Saint Dirty Face

Faith, Dirty Grace, and a Whole Lotta Whiskey, Regret, and Resurrection.


  • Tonight, I watched a movie about Dracula.

    Yeah, I know… not exactly where you expect to find God.

    But there He was.

    Not in lightning.
    Not in miracles.
    Not in easy answers.

    He was in the silence.


    The story wasn’t about a vampire.

    It was about a man who loved his wife so deeply that when he lost her… he broke.

    Not the kind of break where you cry and move on.

    The kind where something inside you says:
    “If God won’t fix this… then I don’t want God.”

    So he turned his back.

    But here’s the part that hit me…

    He never actually stopped believing.


    For 400 years, he carried it.

    The anger.
    The grief.
    The memory of her.

    And somewhere underneath all that pain…
    he still believed God could bring her back.

    That’s not lost faith.

    That’s wounded faith.

    And there’s a difference.


    I sat there tonight with my wife asleep next to me.

    She said she felt safe.

    Then she knocked out like the world didn’t exist.

    And I just held her.

    Because the truth is…

    I’ve told her since day one:

    “If anything ever happens to you… I’d burn the world to get you back.”

    And for a long time… I meant that.

    Still do, in a way.


    But the movie showed me something I didn’t expect.

    Love doesn’t prove itself by destroying everything in its path.

    That’s pain talking.

    That’s fear.

    That’s a man trying to fight a loss he can’t control.


    The strongest moment wasn’t when he fought.

    It wasn’t when he cursed God.

    It was when he finally chose…

    to let her go.


    That’s when everything changed.

    That’s when love became something bigger than possession.

    Bigger than grief.

    Bigger than even death.


    I realized something tonight.

    God didn’t abandon him.

    God let him walk through it.

    Every second.

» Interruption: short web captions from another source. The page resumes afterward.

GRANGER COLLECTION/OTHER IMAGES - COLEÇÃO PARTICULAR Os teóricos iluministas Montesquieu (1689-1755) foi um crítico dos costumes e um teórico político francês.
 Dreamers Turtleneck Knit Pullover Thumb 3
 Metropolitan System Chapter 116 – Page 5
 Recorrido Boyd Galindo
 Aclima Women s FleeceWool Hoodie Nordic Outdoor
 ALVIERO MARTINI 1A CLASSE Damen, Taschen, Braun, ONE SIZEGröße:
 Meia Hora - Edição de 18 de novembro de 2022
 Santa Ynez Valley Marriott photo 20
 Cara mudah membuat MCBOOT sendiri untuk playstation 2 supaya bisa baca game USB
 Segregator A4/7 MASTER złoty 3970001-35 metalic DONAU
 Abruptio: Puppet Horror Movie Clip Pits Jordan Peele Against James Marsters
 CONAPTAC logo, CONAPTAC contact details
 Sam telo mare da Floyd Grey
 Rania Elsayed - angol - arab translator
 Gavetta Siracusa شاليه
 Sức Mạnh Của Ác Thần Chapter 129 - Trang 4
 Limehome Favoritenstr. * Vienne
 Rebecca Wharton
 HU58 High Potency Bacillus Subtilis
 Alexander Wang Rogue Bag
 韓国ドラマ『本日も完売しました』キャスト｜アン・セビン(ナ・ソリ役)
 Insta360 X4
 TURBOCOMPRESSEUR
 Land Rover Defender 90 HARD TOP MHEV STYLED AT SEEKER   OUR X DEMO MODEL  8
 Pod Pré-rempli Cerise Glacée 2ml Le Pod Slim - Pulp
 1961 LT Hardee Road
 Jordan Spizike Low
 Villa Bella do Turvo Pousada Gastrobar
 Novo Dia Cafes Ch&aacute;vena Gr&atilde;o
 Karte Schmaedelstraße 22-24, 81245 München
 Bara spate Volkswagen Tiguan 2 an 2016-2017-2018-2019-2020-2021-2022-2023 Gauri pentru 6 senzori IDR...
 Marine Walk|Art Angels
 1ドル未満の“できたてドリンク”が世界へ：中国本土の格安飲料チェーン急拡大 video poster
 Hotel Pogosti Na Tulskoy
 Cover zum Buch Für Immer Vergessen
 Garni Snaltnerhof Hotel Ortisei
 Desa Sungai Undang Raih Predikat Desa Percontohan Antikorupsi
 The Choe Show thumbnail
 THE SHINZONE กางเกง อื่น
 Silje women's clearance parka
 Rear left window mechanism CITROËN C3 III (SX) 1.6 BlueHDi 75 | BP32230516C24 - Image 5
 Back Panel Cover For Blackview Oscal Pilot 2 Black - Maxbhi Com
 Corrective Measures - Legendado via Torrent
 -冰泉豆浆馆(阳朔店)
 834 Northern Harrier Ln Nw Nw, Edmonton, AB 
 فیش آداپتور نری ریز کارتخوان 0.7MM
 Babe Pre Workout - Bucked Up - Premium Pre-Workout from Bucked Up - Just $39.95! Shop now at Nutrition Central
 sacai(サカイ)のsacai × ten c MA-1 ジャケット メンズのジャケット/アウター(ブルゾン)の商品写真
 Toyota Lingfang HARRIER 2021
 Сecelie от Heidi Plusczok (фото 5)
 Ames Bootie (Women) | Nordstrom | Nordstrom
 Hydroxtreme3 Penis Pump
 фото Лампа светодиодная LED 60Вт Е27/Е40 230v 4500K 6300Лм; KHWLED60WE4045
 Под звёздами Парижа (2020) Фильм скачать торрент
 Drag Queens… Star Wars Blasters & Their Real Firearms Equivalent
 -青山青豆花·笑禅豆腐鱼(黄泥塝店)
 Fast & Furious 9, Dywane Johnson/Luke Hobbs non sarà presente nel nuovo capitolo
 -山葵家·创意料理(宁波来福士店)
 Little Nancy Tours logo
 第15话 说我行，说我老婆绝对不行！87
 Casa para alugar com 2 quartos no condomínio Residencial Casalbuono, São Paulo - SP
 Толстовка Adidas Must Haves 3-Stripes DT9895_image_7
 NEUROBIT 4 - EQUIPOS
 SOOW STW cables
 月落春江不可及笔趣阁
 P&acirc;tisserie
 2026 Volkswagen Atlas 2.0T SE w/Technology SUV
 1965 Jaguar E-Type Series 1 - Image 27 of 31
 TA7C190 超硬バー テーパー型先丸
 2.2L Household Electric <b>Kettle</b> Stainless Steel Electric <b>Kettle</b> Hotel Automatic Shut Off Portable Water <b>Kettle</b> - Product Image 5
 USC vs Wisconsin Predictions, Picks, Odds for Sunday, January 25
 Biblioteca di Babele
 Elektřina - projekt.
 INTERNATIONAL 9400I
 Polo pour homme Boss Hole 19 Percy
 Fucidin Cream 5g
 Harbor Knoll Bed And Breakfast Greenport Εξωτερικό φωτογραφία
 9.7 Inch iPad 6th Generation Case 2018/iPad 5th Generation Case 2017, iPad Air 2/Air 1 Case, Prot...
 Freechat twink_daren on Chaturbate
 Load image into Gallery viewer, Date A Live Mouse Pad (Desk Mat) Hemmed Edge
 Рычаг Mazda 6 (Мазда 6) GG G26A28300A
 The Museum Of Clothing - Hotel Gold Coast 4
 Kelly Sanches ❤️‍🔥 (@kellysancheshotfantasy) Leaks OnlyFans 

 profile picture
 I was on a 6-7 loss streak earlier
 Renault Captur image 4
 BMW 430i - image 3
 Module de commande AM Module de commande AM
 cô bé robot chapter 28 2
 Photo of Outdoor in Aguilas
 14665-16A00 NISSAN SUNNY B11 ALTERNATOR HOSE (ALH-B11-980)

Every year. Every broken piece.

    Not to punish him…

    But to teach him what love really is.


    And maybe that’s where some of us are right now.

    Not abandoned.

    Just… in the middle of it.

    Holding on to something fragile.

    Trying not to break.


    If that’s you…

    Let me say this clearly:

    Your faith isn’t gone.

    It’s just wounded.

    And wounded things… can heal.


    Tonight, I didn’t burn the world.

    I just held my wife a little tighter.

    And for the first time…

    that felt like enough.


    — Saint Dirty Face™
    Stay dirty, kiss like a sinner, but talk like a saint.

  • Monday evening finally arrived.

    For some people it’s the start of the week.

    For the poor souls who clocked in on Sunday, it’s already Day Two of the grind.

    Either way…

    Monday hits like a freight train.

    It’s amazing how quiet the weekend can be.

    Almost peaceful.

    Then Monday shows up and suddenly the entire world remembers you exist.

    This broke.

    That broke.

    The car is making a weird noise.

    I need money for this.

    I need money for that.

    It’s like everyone waited until Monday morning to dump their problems on your porch.

    And the kids… oh man.

    Kids have this incredible belief that their parents are some kind of walking ATM machine.

    “Dad I need money.”

    “Dad can you buy this?”

    “Dad can we get that?”

    And when you say…

    “Not right now.”

    They look at you like you just told them the sky turned purple.

    Like…

    “Wait… what do you mean?”

    Are we poor?

    I swear sometimes I just smile and shake my head.

    Because one day…

    Those same kids are going to have kids of their own.

    And when that day comes…

    I’m going to sit back in a chair, sip a little whiskey, and laugh.

    Not because I’m cruel.

    But because the cycle will finally make sense.

    And when their kid walks up asking for money for the fourth time that day…

    They’ll hear a little voice in the back of their head saying:

    “Welcome to Monday.”

    Saint Dirty Face.

    Stay Dirty. Stay Human.

  • Things I’m Working On

    I saw a meme the other day that felt a little too accurate.

    It said:

    Having more patience (Not going well)

    Not assuming everyone is an idiot (Also going badly)

    Being more approachable (Going even worse)

    Now before anyone lights a candle for my character development, relax.

    I am working on myself.

    But here’s the reality nobody likes to say out loud:

    The older you get… the less tolerance you have for nonsense.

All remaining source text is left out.